By placing the so-called "Blue Brain" in a virtual body, signs of molecular and neural origins of thought and memory can be observed.
The director leading the study stated that scaling the recreation of the human brain is simply a matter of money. "It's not a question of years, it's one of dollars. The psychology is there today and the technology is there today. It's a matter of if society wants this. If they want it in 10 years, they'll have it in 10 years. If they want it in 1000 years, we can wait."
The Blue Brain venture was unveiled at the European Future Technologies meeting in Prague in 2005. Of all brain recreation efforts ever undertaken, this is considered the most ambitious yet.
The Blue Brain project is unique in that it was designed to reverse-engineer mammal brains from actual laboratory information and to establish a computer model down to the level of the molecules that make them up. Many other computer simulation efforts, however, have tried to code in "brain-like" computation or to imitate portions of the nervous systems and brains of various different animals, but none have accomplished the unique features of the Blue Brain project.
In the first part of the venture, researchers completed a model of the neocortical column, which supports higher brain function and thought.
Director of the Blue Brain project, Henry Markram, commented, "The thing about the neocortical column is that you can think of it as an isolated processor. It is very much the same from mouse to man - it gets a bit larger a bit wider in humans, but the circuit diagram is very similar." Markram also founded the Brain Mind Institute of Switzerland.
When evolution discovered this "mammalian secret," it reproduced numerous times and then "used it as it needed more and more functionality," he commented further.
At the Science Beyond Fiction conference, Professor Markram informed attendees that the column is being developed into a virtual reality agent, or in other words, a simulated animal in a simulated environment for the purpose of enabling researchers to monitor the specific activities in the column as the animal moves about the space.
"It starts to learn things and starts to remember things. We can actually see when it retrieves a memory, and where they retrieved it from because we can trace back every activity of every molecule, every cell, every connection and see how the memory was formed."
In the second phase of the project, an improved version of the IBM Blue Gene supercomputer is utilized. Use of this supercomputer was common in the research to date. "The next phase is beginning with a 'molecularization' process: we add in all the molecules and biochemical pathways to move toward gene expression and gene networks. We couldn't do that on our first supercomputer."
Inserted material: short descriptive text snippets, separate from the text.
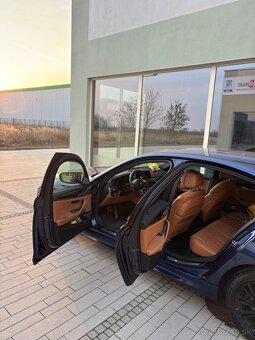 BMW G30 530D X-Drive - 9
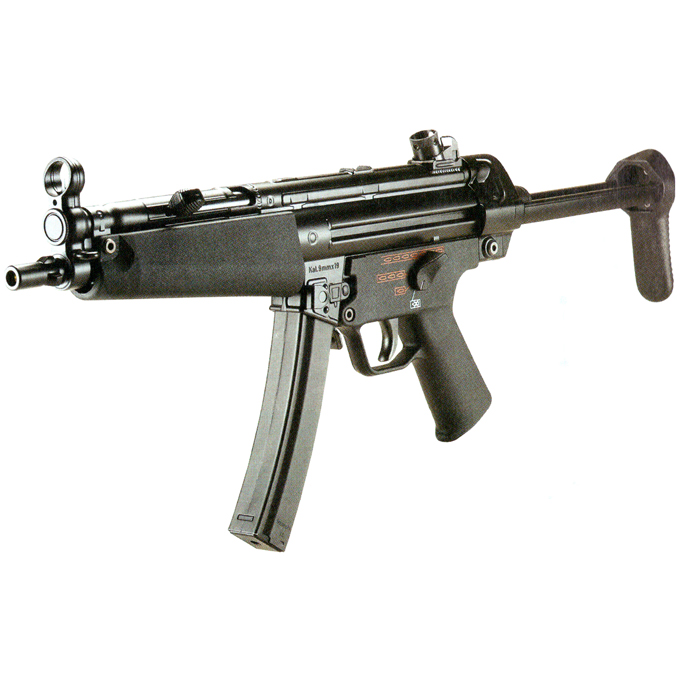 L.A.ホビーショップ / 次世代電動ガン MP5A5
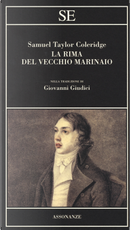 La rima del vecchio marinaio. Testo inglese a fronte by Samuel Taylor Coleridge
Professor Markram expects in a period of 10 to 20 years the project will incorporate many components of medicine, including the genomic profile, and eventually establishing a wide-range database for "personalized medicine."
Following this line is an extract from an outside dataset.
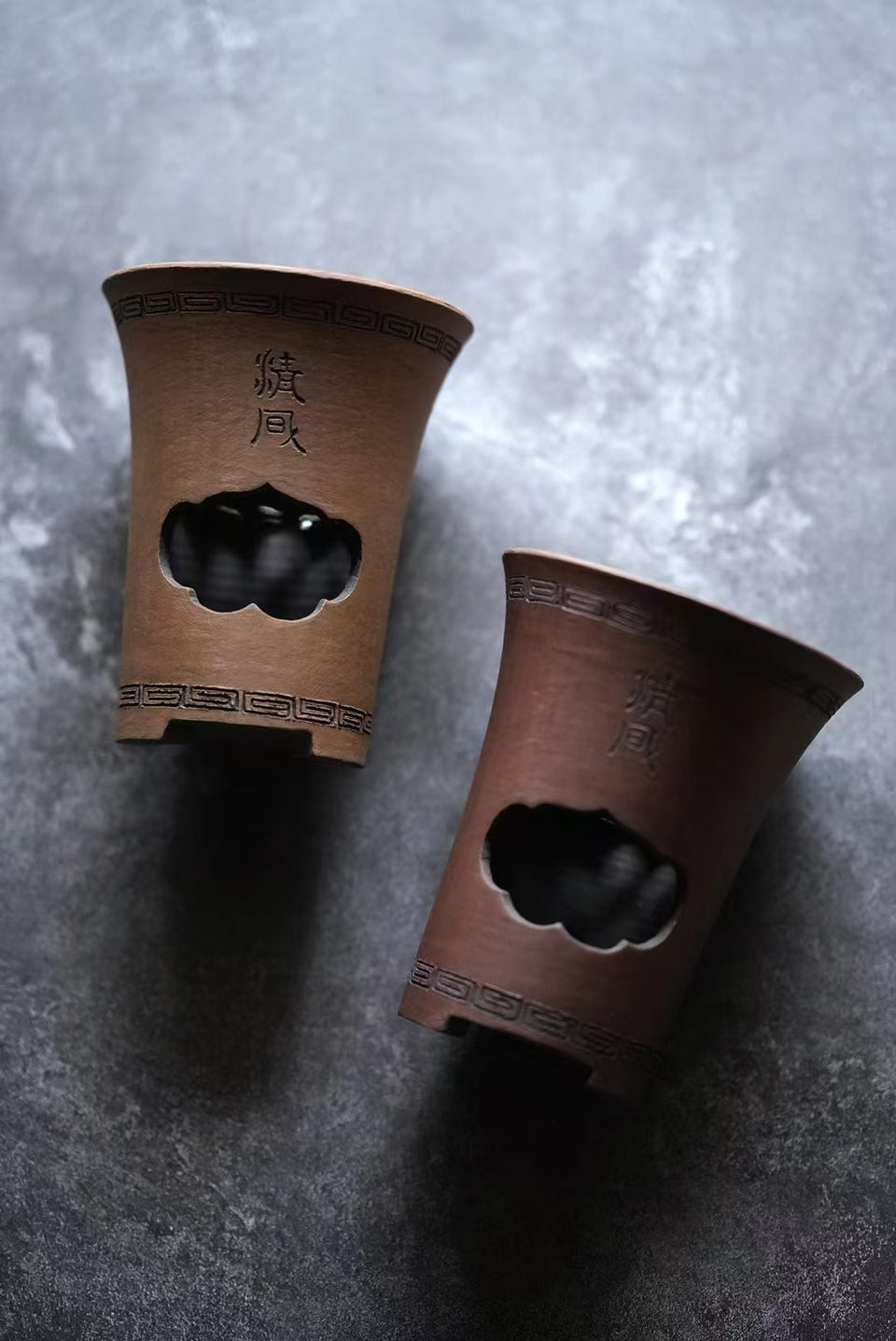 Qingfeng Tall Charcoal Stove Fenglu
This approach would enable researchers to imitate how an individual might react to a specific drug or treatment.
The goal of the conference is to encourage high-risk, multidisciplinary research in information and communication technologies (ICT). Thus, researchers of wide ranging backgrounds from computer scientists to biologists flock to the meeting. Naturally, a collaboration of this many brilliant minds warrants much disagreement. Some of the researchers believe the superior goals of the Blue Brain project are unachievable.
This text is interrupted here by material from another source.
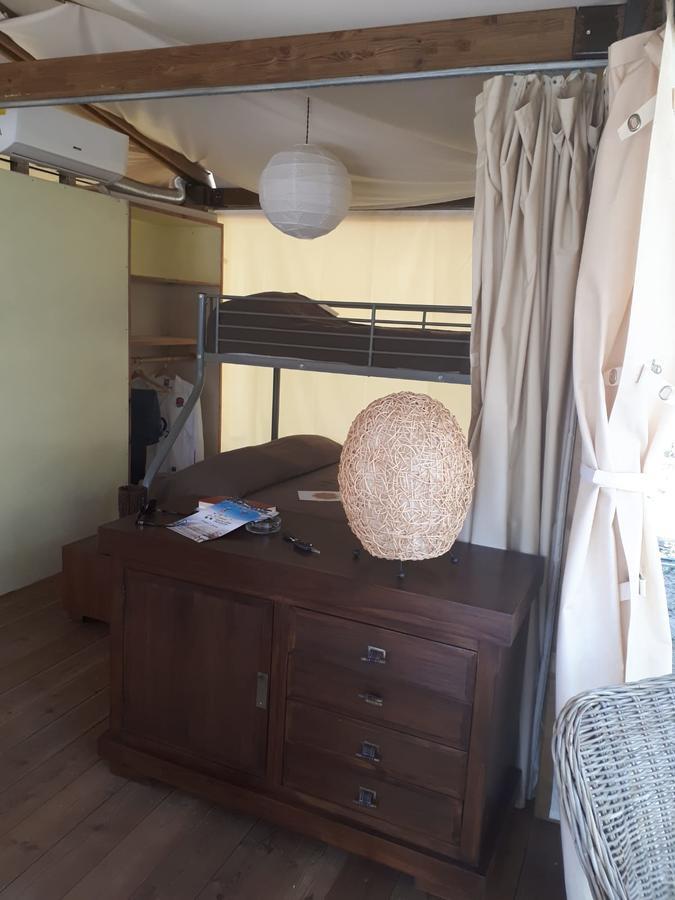 Camping Paradiso Viareggio Eksteriør bilde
Wolfgang Wahlster of the German Research Center for Artificial Intelligence, and a chief German government scientific adviser on ICT, believes that they reductionist tactic of the endeavor is flawed.
"Imagine you could follow in one of the most advanced Pentium chips today what each and every transistor is doing right now," he said in a statement.
"Then I ask, 'What is happening? Is Word running? Are you doing a Google search?' You couldn't answer. Looking at this level you cannot figure it out.
"This is very interesting research and I'm not criticizing it, but it doesn't help us in computer science in having the intelligent behavior of humans replicated."
By building up from one neocortical column to the entire neocortex, Professor Markram asserts, the ethereal "emergent properties" that depict human thought will slowly make themselves noticeable.
"They are not things that are easily predicted by just knowing elements - by definition - but by putting them together you can explore the principles, where they came from. Basically that's what we're after: understanding the principles of emergent properties."
The very core of being human is based on the spatial awareness of lower mammal graduate to political positions and artistic expression in humans, which is all derivative of these emergent properties.